Information shown
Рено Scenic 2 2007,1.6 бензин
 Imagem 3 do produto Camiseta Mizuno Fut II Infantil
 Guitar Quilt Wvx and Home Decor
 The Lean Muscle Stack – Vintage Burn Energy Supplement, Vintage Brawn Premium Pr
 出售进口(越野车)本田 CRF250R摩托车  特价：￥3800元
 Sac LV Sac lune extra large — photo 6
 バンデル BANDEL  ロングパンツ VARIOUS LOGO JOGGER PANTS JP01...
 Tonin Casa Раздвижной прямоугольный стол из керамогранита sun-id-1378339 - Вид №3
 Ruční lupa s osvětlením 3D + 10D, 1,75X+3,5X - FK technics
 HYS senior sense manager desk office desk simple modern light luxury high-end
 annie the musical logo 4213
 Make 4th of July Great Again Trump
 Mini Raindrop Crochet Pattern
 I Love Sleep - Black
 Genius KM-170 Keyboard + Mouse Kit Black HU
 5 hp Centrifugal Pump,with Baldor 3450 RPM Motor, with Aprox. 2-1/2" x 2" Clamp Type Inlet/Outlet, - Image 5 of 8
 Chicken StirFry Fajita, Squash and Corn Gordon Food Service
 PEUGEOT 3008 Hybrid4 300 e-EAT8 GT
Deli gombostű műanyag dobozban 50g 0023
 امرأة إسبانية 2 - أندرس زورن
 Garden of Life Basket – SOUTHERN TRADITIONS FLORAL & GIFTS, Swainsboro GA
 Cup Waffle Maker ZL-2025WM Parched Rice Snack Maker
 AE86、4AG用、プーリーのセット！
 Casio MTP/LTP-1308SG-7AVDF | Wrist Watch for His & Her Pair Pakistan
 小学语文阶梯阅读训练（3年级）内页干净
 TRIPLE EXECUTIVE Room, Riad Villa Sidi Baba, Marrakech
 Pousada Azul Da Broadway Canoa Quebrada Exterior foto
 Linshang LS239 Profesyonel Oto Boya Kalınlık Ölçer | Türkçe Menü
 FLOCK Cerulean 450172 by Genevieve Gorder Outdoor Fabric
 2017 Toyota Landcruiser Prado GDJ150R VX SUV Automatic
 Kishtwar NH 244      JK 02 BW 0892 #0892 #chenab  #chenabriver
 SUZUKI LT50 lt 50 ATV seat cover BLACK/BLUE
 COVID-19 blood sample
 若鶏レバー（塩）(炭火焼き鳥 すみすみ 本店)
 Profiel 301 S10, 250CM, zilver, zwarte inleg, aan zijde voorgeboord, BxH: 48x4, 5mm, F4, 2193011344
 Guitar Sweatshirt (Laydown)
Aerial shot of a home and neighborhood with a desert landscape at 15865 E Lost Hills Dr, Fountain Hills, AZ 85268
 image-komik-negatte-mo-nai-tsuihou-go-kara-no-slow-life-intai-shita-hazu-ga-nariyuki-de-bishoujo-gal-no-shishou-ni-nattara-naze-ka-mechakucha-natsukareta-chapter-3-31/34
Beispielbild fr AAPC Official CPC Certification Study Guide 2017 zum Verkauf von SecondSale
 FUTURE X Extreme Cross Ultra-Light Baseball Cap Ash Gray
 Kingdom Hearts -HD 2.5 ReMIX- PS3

What you should do
Check each line of the data above for the string "with", and copy the ones that have it.

Output for this exercise
 5 hp Centrifugal Pump,with Baldor 3450 RPM Motor, with Aprox. 2-1/2" x 2" Clamp Type Inlet/Outlet, - Image 5 of 8
Aerial shot of a home and neighborhood with a desert landscape at 15865 E Lost Hills Dr, Fountain Hills, AZ 85268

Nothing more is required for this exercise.